Information supplied:
---*---

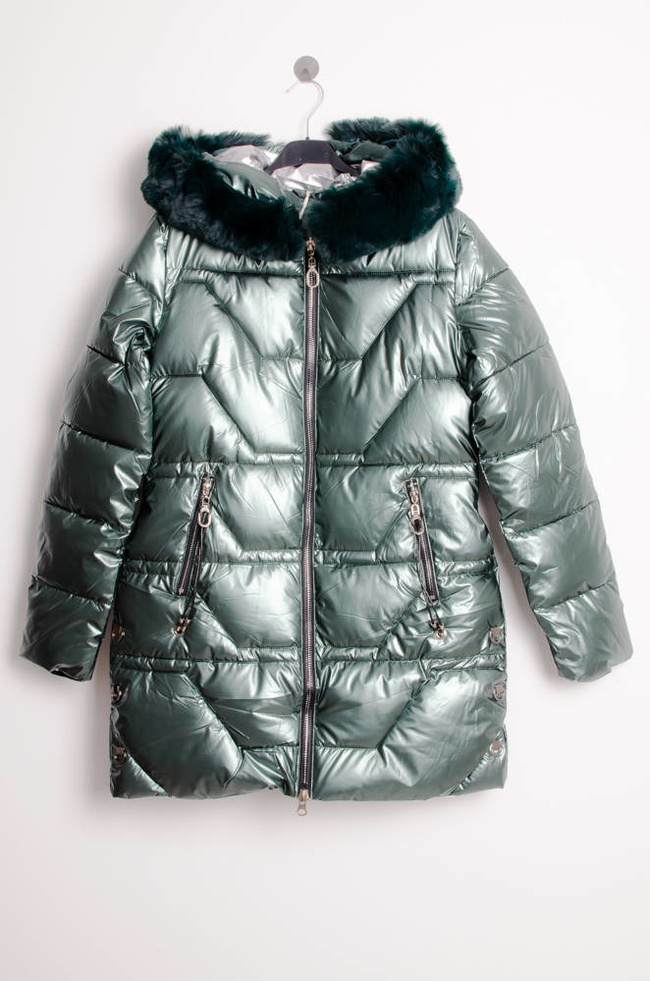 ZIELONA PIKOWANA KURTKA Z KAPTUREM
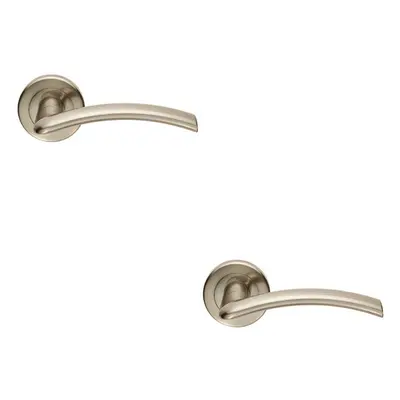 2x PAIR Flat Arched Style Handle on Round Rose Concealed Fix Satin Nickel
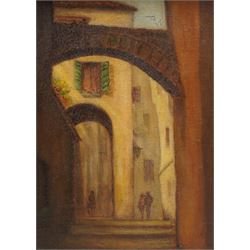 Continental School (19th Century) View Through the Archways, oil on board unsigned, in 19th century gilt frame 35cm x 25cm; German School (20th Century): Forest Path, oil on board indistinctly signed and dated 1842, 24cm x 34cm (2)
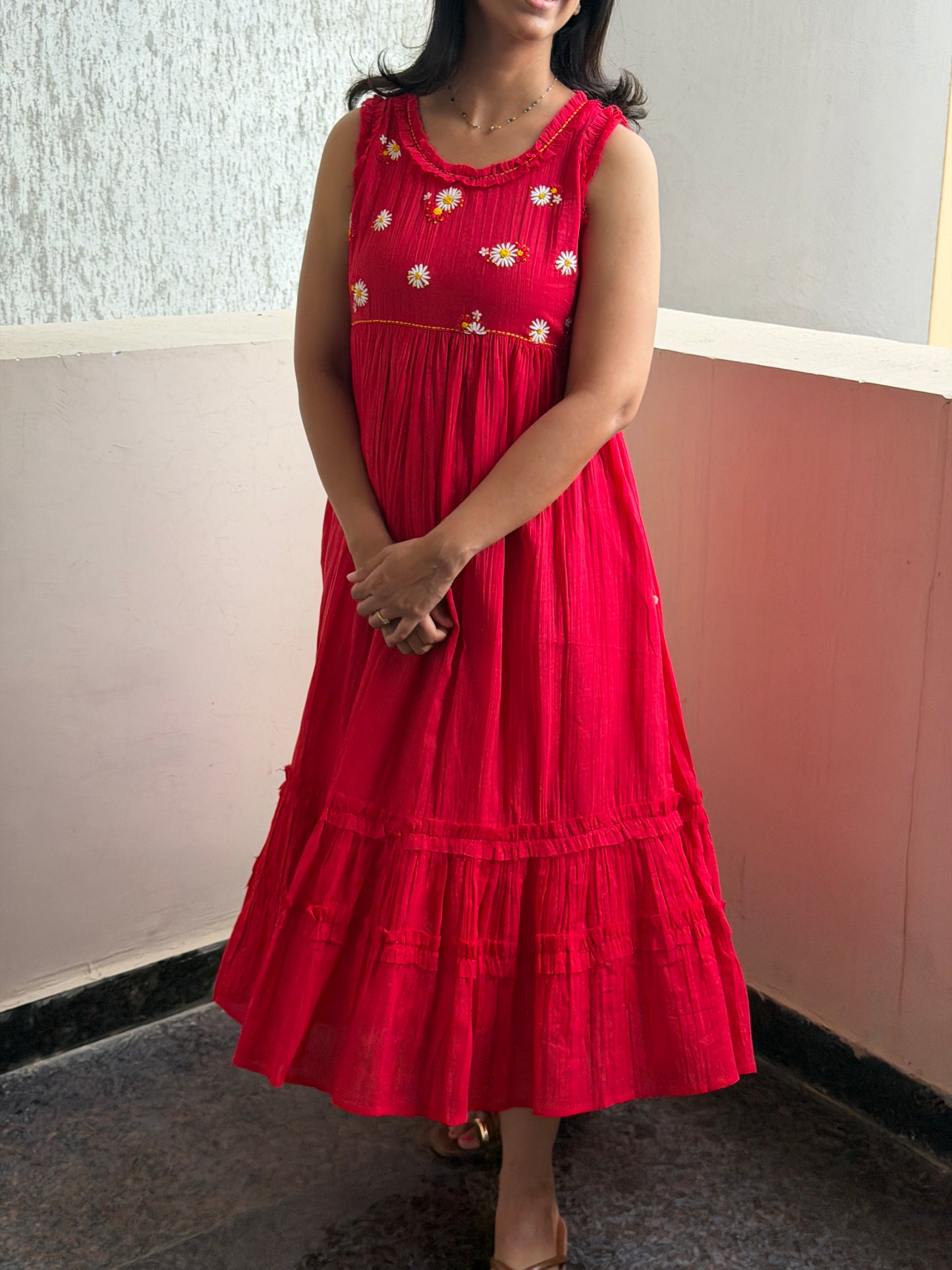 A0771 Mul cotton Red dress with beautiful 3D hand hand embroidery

---*---

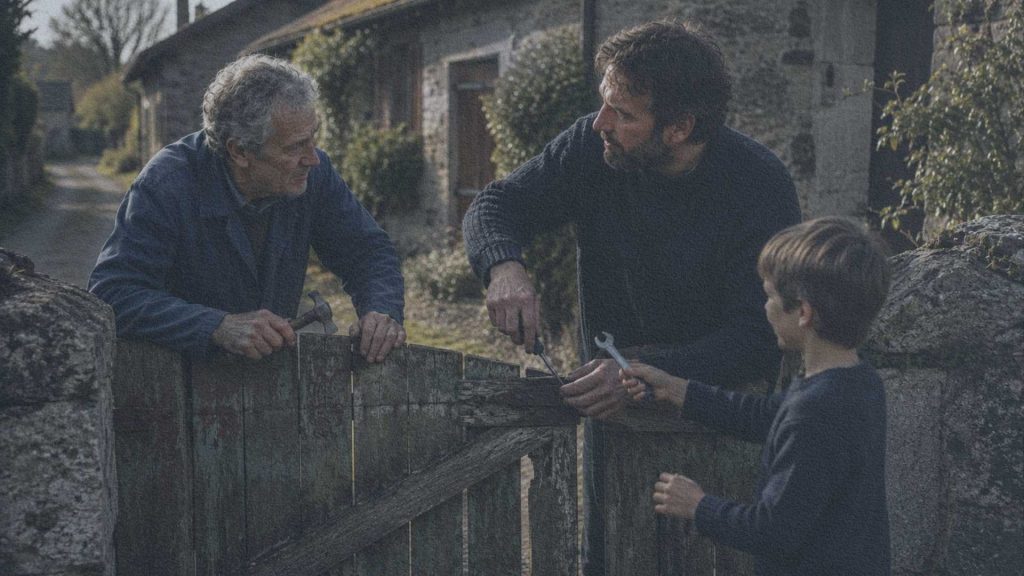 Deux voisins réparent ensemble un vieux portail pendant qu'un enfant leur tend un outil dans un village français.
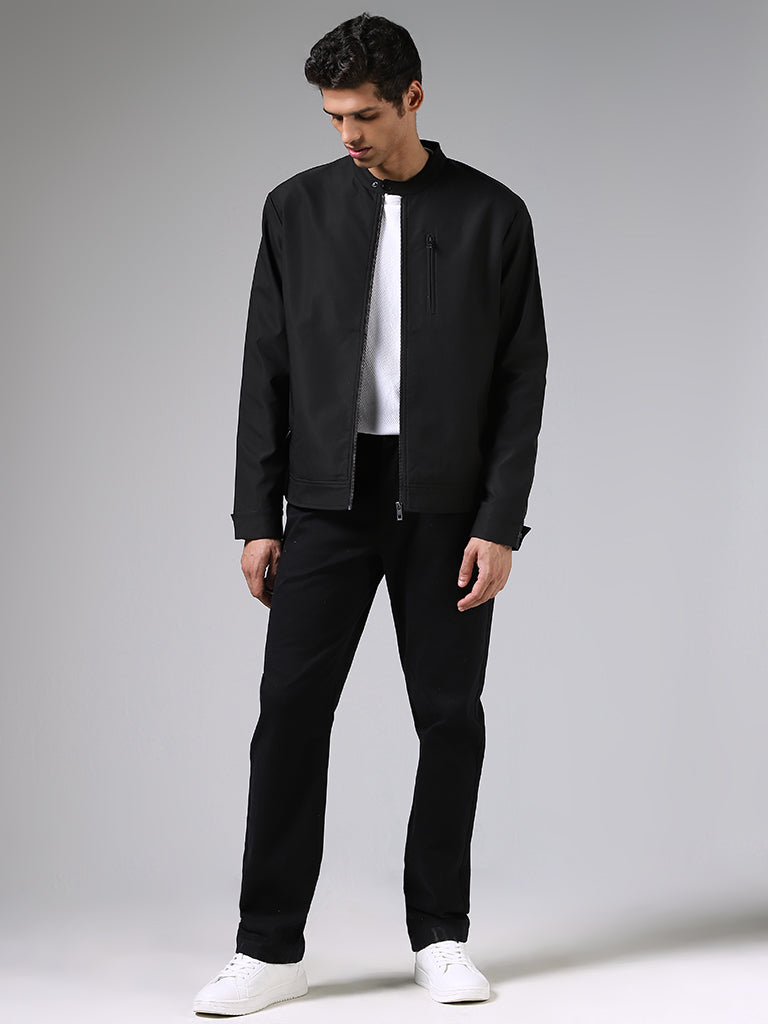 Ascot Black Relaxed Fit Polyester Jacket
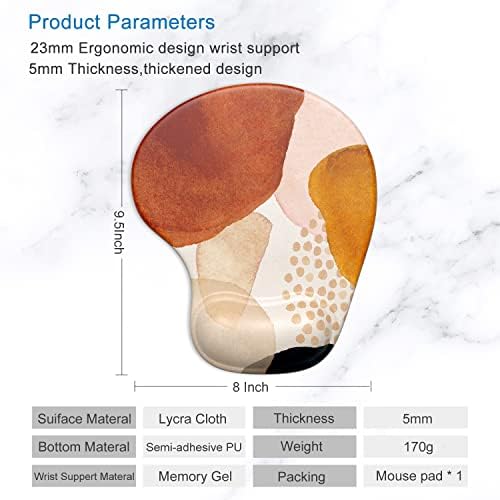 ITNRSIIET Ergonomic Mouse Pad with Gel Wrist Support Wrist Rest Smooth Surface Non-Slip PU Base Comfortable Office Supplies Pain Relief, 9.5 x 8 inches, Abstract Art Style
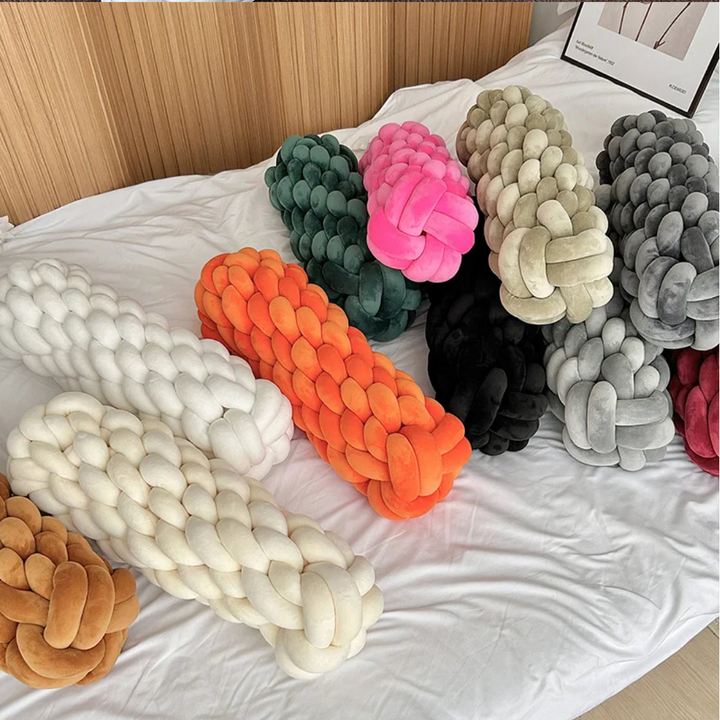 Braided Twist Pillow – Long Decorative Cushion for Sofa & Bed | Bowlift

---*---

About this task:
To complete this exercise, transcribe exactly the lines above from the one that holds "Continental School (19th" through the one that holds "A0771 Mul cotton". Pictures stay out.

Output:
 Continental School (19th Century) View Through the Archways, oil on board unsigned, in 19th century gilt frame 35cm x 25cm; German School (20th Century): Forest Path, oil on board indistinctly signed and dated 1842, 24cm x 34cm (2)
 A0771 Mul cotton Red dress with beautiful 3D hand hand embroidery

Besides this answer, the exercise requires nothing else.